FAU presidential search panelist: Our work has been ‘slandered’ | Opinion
The intersection of politics and academia is at the same time both fragile and dangerous. This has never been more clear than this past week, when it appears that political influence may have pressured the State University System Board of Governors to halt the search process for the next president of Florida Atlantic University.
Numerous press reports suggest that the motive for this interference is that the university committee empowered to conduct the search did not include the governor’s reported personal selection for the position among the three outstanding candidates put forward to the school’s board of trustees for nomination to the position.
If correct, these reports would indicate a continuing trend of meddling in the state university and state college presidential searches to award these important positions to favored politicians, as has been reported in the most recent searches at the University of Florida, New College of Florida, and South Florida State College.
To effect this outrageous suspension of search activities, the chancellor of the Florida Board of Governors, which oversees the state university system, has accused the presidential search committee of improper activity in its search process based on wholly inaccurate and out of context actions. The search committee was comprised of a broad-based representation of FAU stakeholders, including representatives of the faculty, students, administration, outside educators and donors, all of the highest pedigrees. I have been honored to be included in this group.
The search resulted in over 60 applications for the position, 12 of which were sitting or former university presidents, another dozen or more senior university administrators, and other candidates with varying degrees of alternative backgrounds. The finalists that the search committee overwhelmingly put through to the university Board of Trustees included a vice admiral and superintendent of the United States Naval Academy, a former chancellor of the University of North Carolina-Wilmington, and a dean and former interim vice president of Florida State University.

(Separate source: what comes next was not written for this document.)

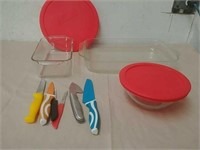 Pyrex baking dishes with knives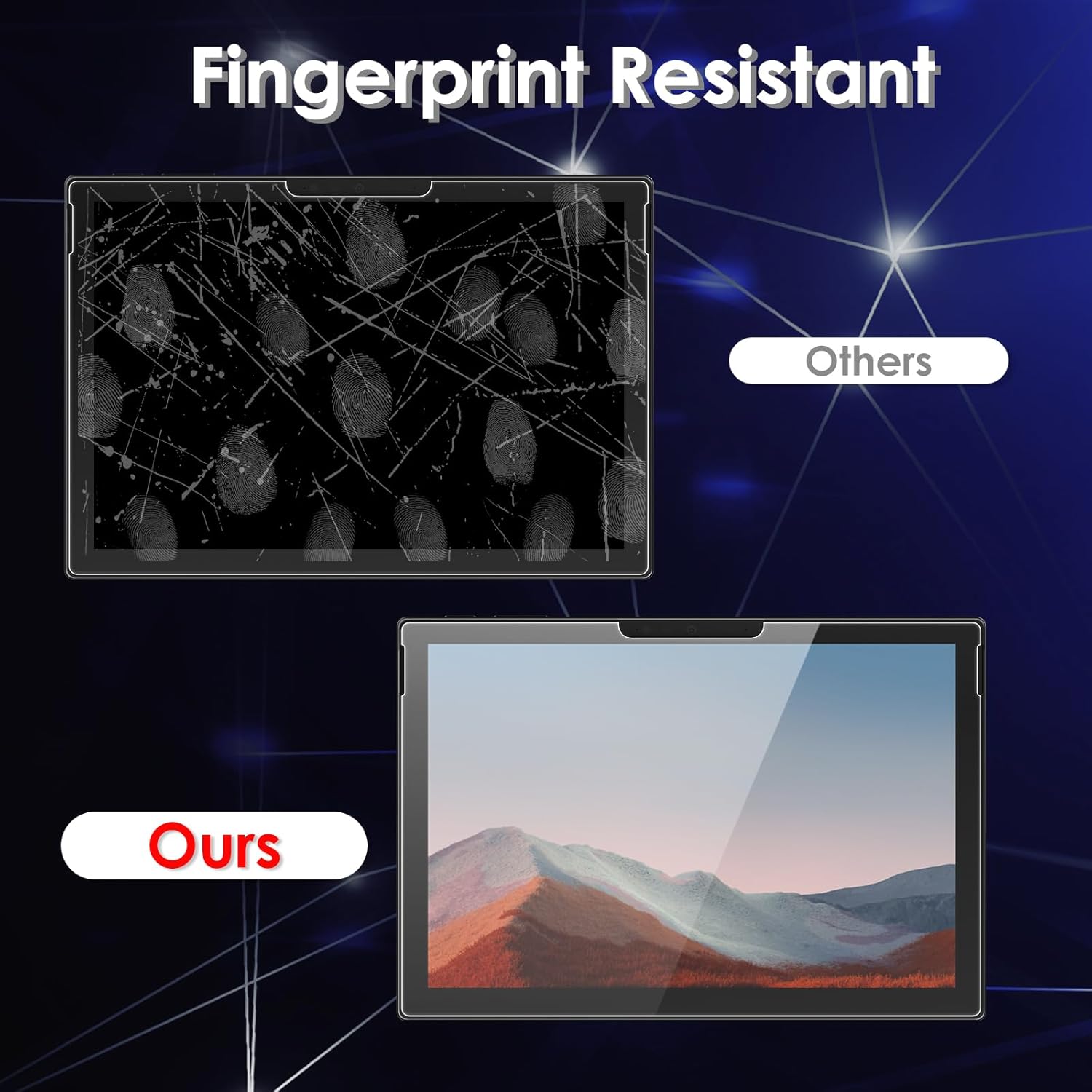 2-Pack Screen Protector Compatible with Microsoft Surface Pro 7 Plus/Pro 7/ Pro 6/ Pro 5/ Pro 4 12.3, Tempered Glass Clear Film, Anti-Scratch, 9H Hardness, Easy Installation, 91MSSP7P-2T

As a participant in the selection process, I feel comfortable that we had appropriate access to all of the applicants and their backgrounds, and we had thoughtful and thorough committee discussions about them. I am excited with the candidates we have put forward. I feel personally outraged and slandered by the implications of the chancellor’s letter on me and my colleagues, for what appears to be an attempt to unwind our successful, hard work and reopen a search for a candidate more to the liking of certain politicians.
The search committee followed a process required of it by the Board of Governors, who had a representative on the committee. This process resulted in recommendations of the finalists who were most qualified for the job. Chancellor Ray Rodrigues should respect our decision and allow the process to proceed.
Dick Schmidt has been a South Florida business leader for many years and he and his family are FAU’s largest donors. Schmidt is a member of the FAU presidential selection committee, an FAU graduate (class of 1970) and former assistant professor at FAU College of Business. As the CEO of Schmidt Companies, he lives and works in Boca Raton.